REQUIREMENT
Which lines belong in your copy? Those from the start of the data through the line with "tris di contenitori Tupperware", exactly as written, without any pictures.

MATERIAL FOR THIS TASK

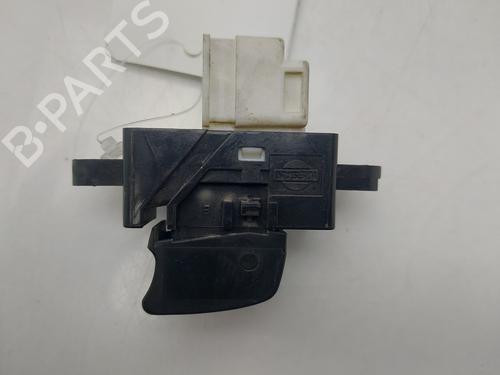 Interrupteur de vitre arrière gauche NISSAN X-TRAIL I (T30) | BP30873988I29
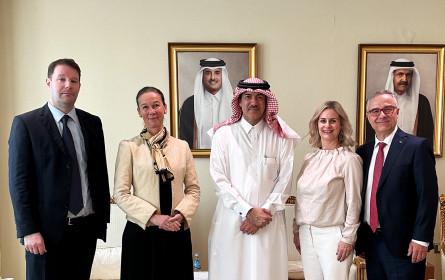 Kastner stärkt Wirtschaftskontakte in Katar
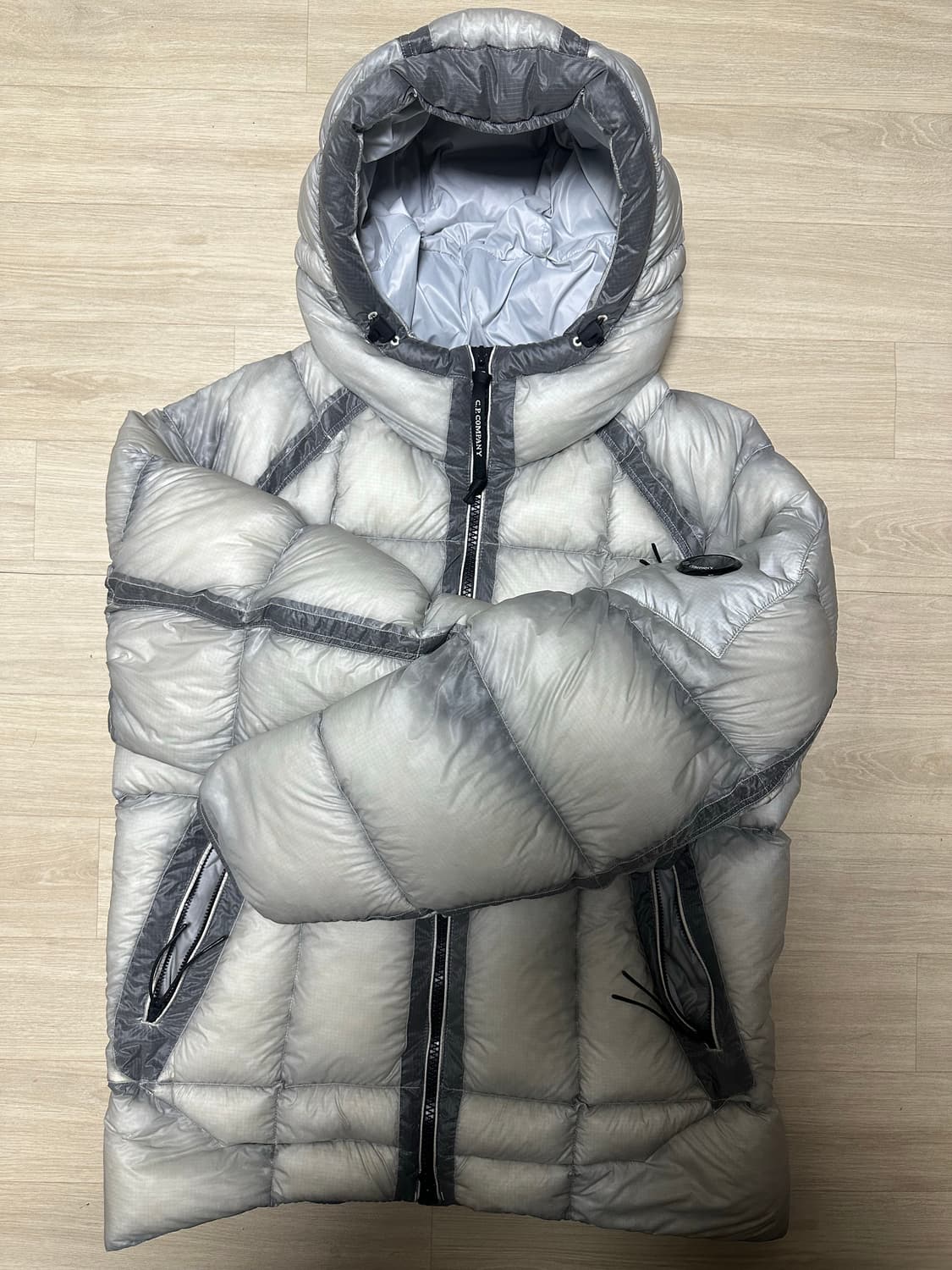 CP 컴퍼니 한국 한정 DD 쉘 코리아 익스클루시브 L사이즈 상품이미지1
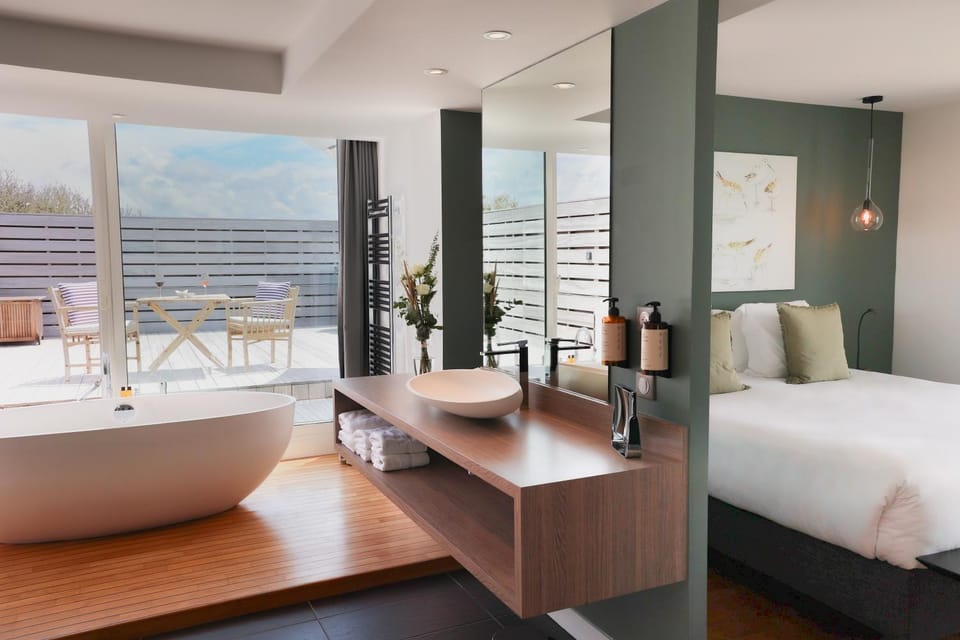 Bathroom, Photo of the whole room, Bath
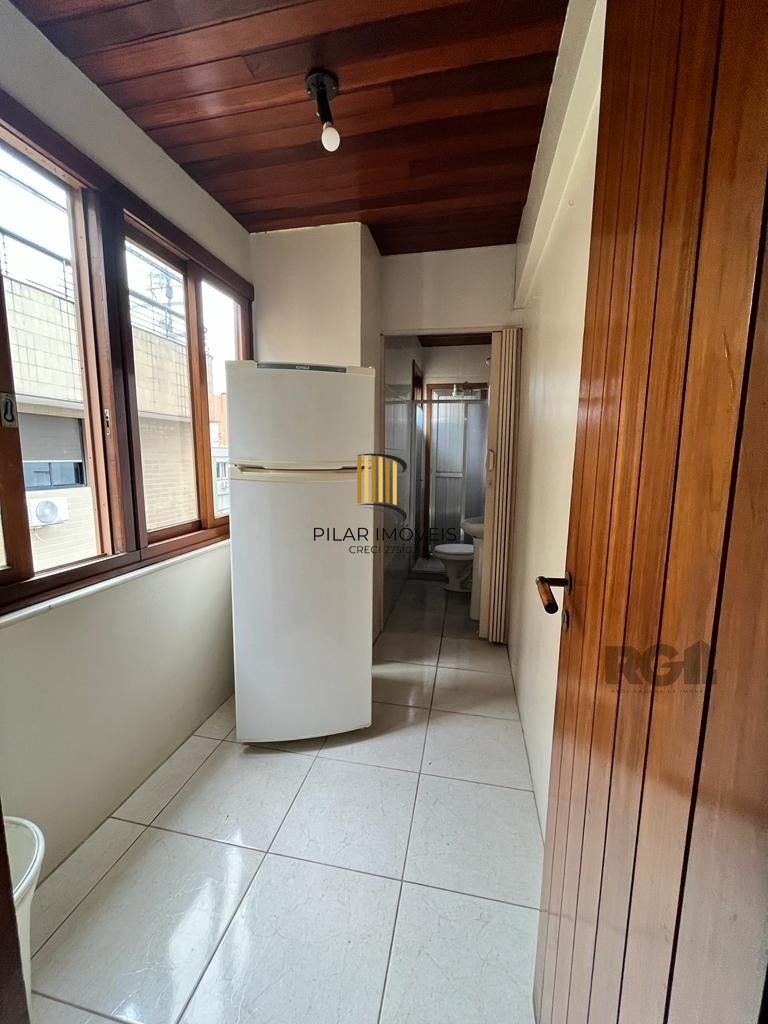 Cobertura para Comprar  com três dormitórios e uma suíte, duas vagas no bairro Petrópolis.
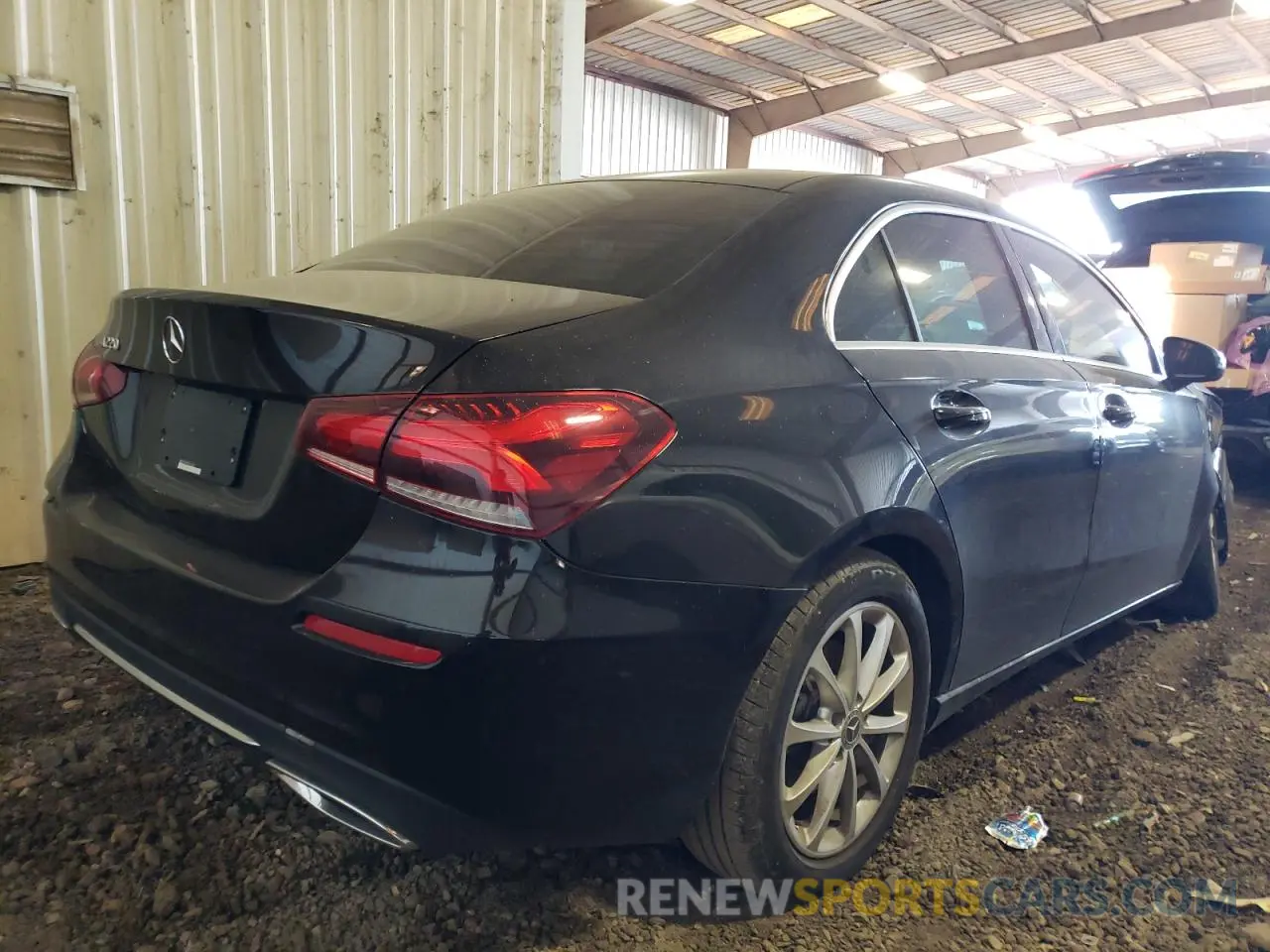 4 Photograph of a damaged car WDD3G4EB3KW012630 MERCEDES-BENZ A-CLASS 2019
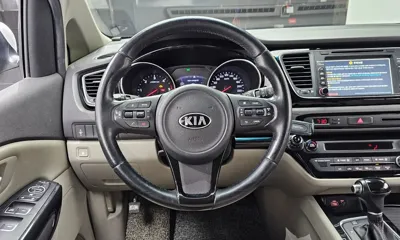 Kia Canival 2015, 147362 км, за 7069.71 USD - фото 13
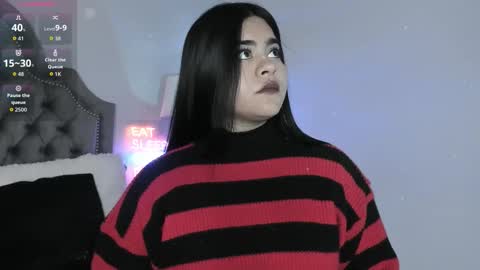 Athena online show from October 6, 2025, 7:33 pm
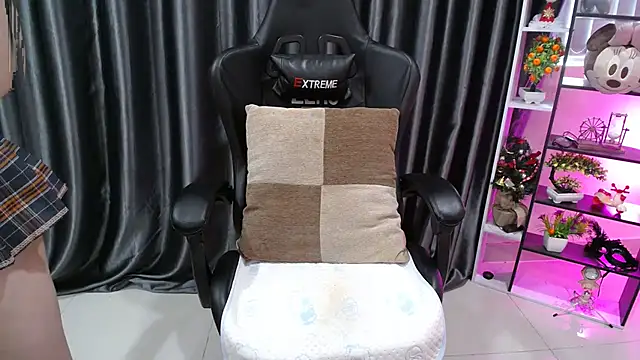 Yuki-yio online show from 10/12/25, 12:42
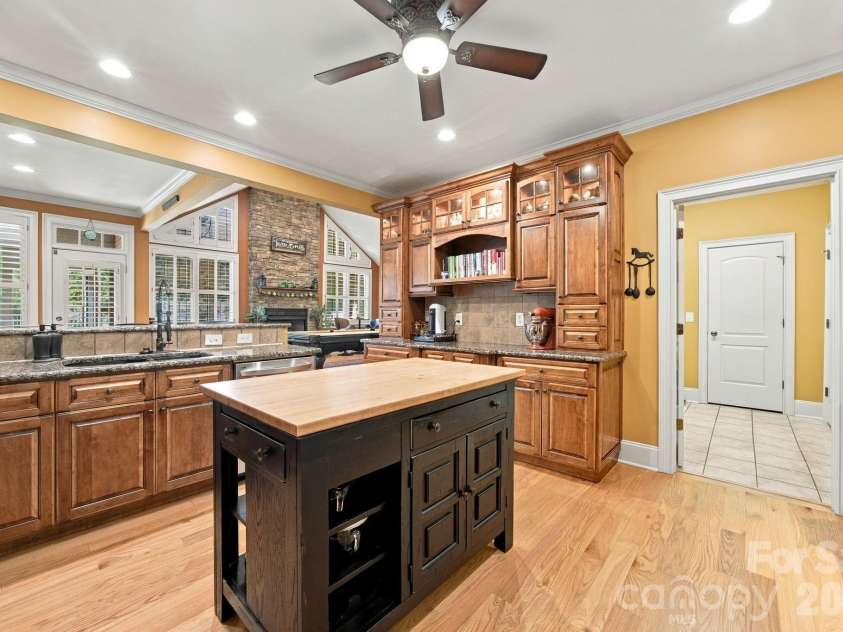 6026 Stonepath Lane, Waxhaw, NC 28173.  MLS# CAR4431523, YatesRealty ID 58286. 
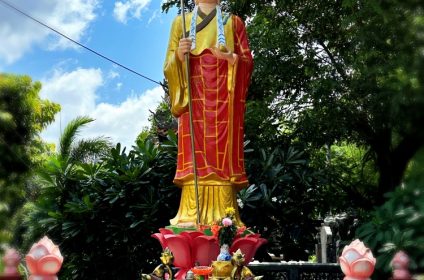 ton-thanh-pagoda-in-long-an-850000-mekong-delta-buddha-statue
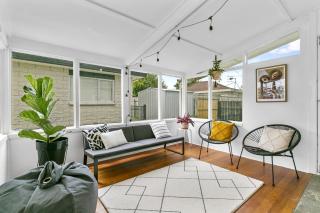 Bright Family Retreat Steps From Taupo Town - Taupo - 6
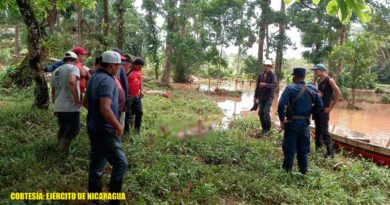 Efectivos de la Fuerza Naval de Nicaragua junto al cuerpo sin vida encontrado en el río Torsuani de Bluefields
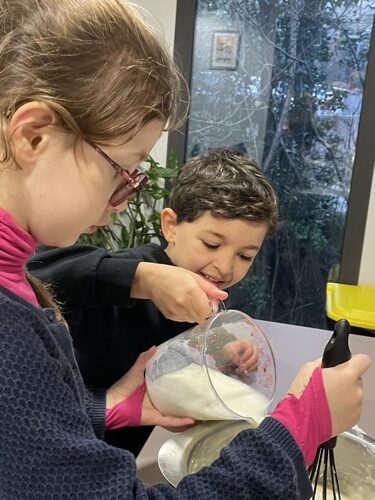 Les enfants du CLAS à l'atelier crêpes 2026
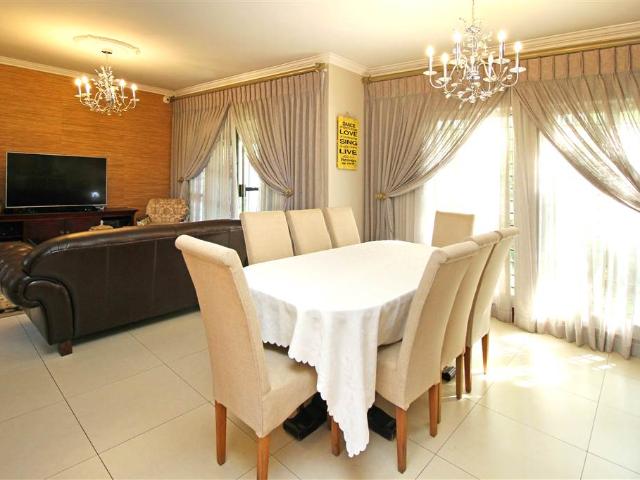 Townhouse for rent in Johannesburg, North & Sandton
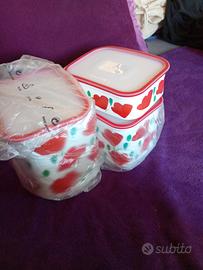 tris di contenitori Tupperware 
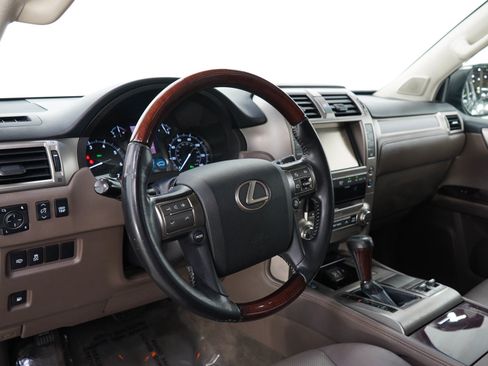 Used 2018 Lexus GX 460 Premium w/ Premium Package AWD/4WD image 27
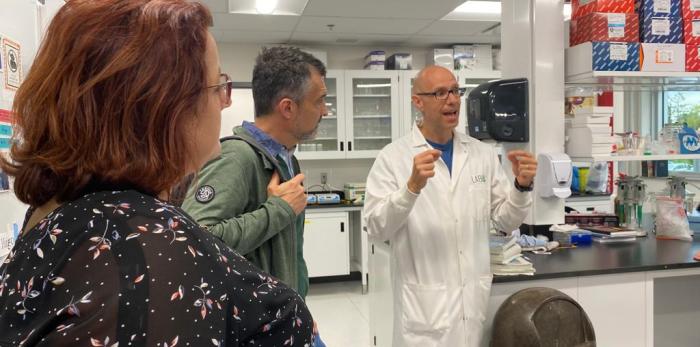 Durante la estancia en Canadá, se visitó un laboratorio en Trois Rivières y se mantuvieron encuentros con investigadores del incipiente sector canadiense de la trufa.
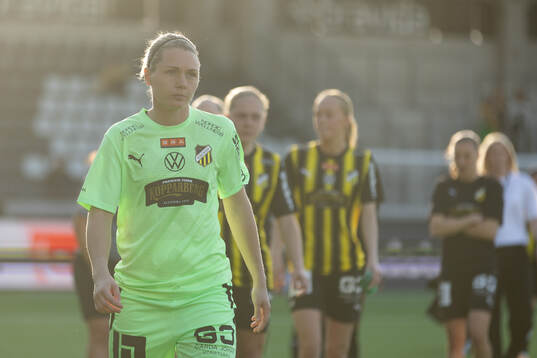 Häckens målvakt Jennifer Falk deppar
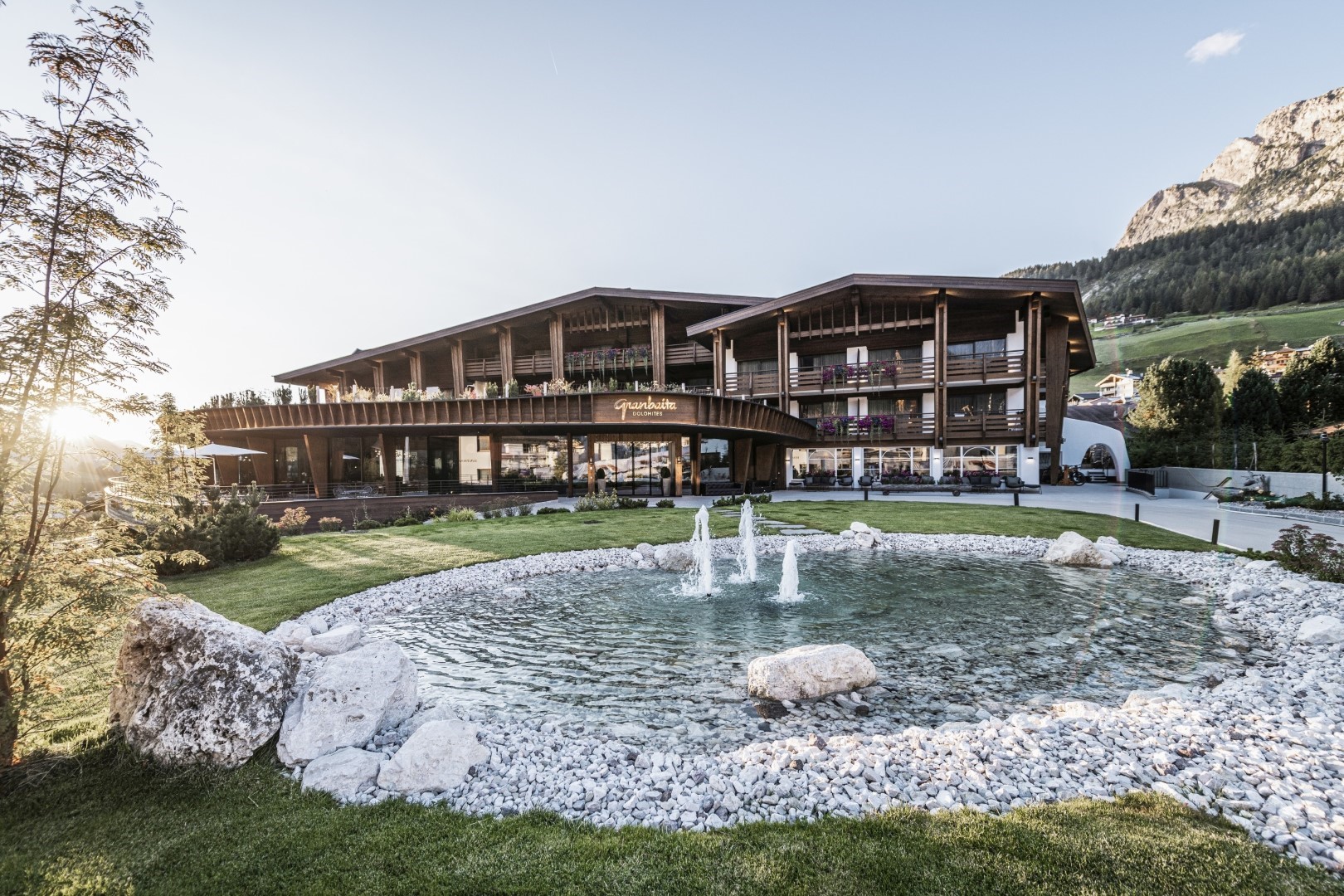 Autunno di benessere e buona tavola all'Hotel Granbaita Dolomites di Selva di Val Gardena per godere lo straordinario spettacolo del Burning Dolomites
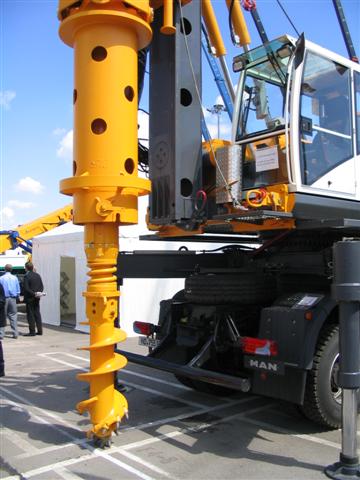 Bauer TBG12 буровая установка
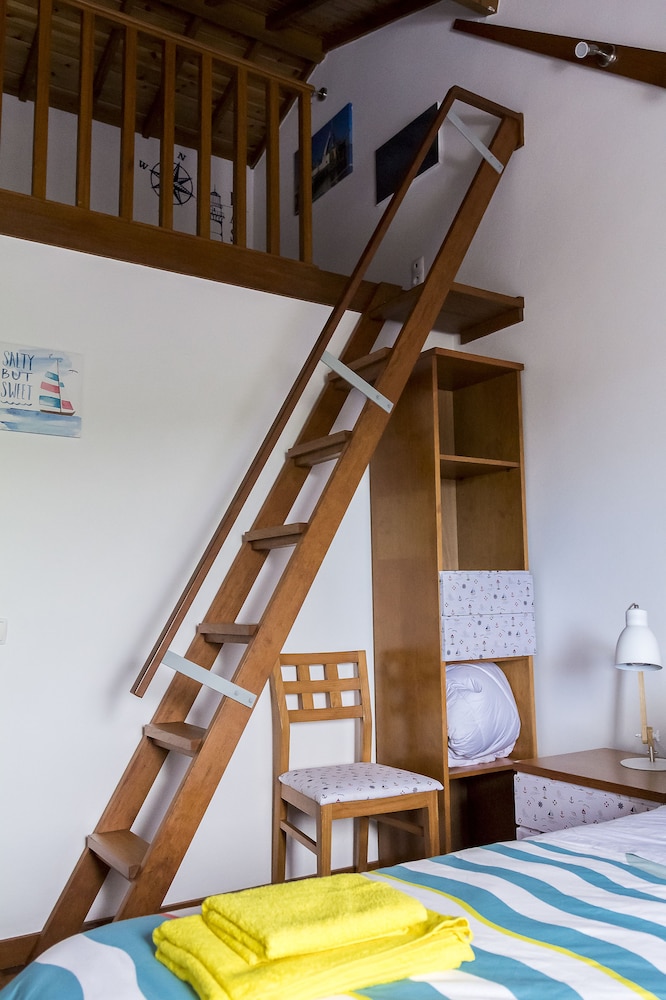 Family House, 3 Bedrooms, Partial Sea View, Courtyard Area photo 3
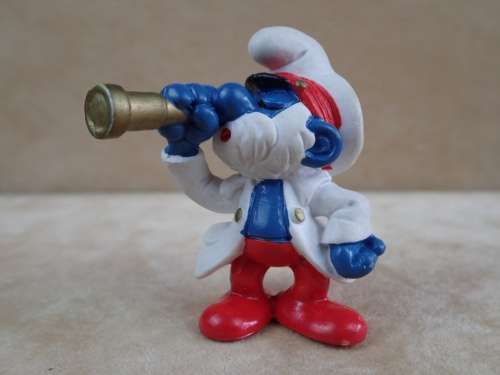 20141 Captain Smurf, vintage Smurfs figure. Shipping will only be charged once!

RESULT BELOW
 Interrupteur de vitre arrière gauche NISSAN X-TRAIL I (T30) | BP30873988I29
 Kastner stärkt Wirtschaftskontakte in Katar
 CP 컴퍼니 한국 한정 DD 쉘 코리아 익스클루시브 L사이즈 상품이미지1
 Bathroom, Photo of the whole room, Bath
 Cobertura para Comprar  com três dormitórios e uma suíte, duas vagas no bairro Petrópolis.
 4 Photograph of a damaged car WDD3G4EB3KW012630 MERCEDES-BENZ A-CLASS 2019
 Kia Canival 2015, 147362 км, за 7069.71 USD - фото 13
 Athena online show from October 6, 2025, 7:33 pm
 Yuki-yio online show from 10/12/25, 12:42
 6026 Stonepath Lane, Waxhaw, NC 28173.  MLS# CAR4431523, YatesRealty ID 58286. 
 ton-thanh-pagoda-in-long-an-850000-mekong-delta-buddha-statue
 Bright Family Retreat Steps From Taupo Town - Taupo - 6
 Efectivos de la Fuerza Naval de Nicaragua junto al cuerpo sin vida encontrado en el río Torsuani de Bluefields
 Les enfants du CLAS à l'atelier crêpes 2026
 Townhouse for rent in Johannesburg, North & Sandton
 tris di contenitori Tupperware 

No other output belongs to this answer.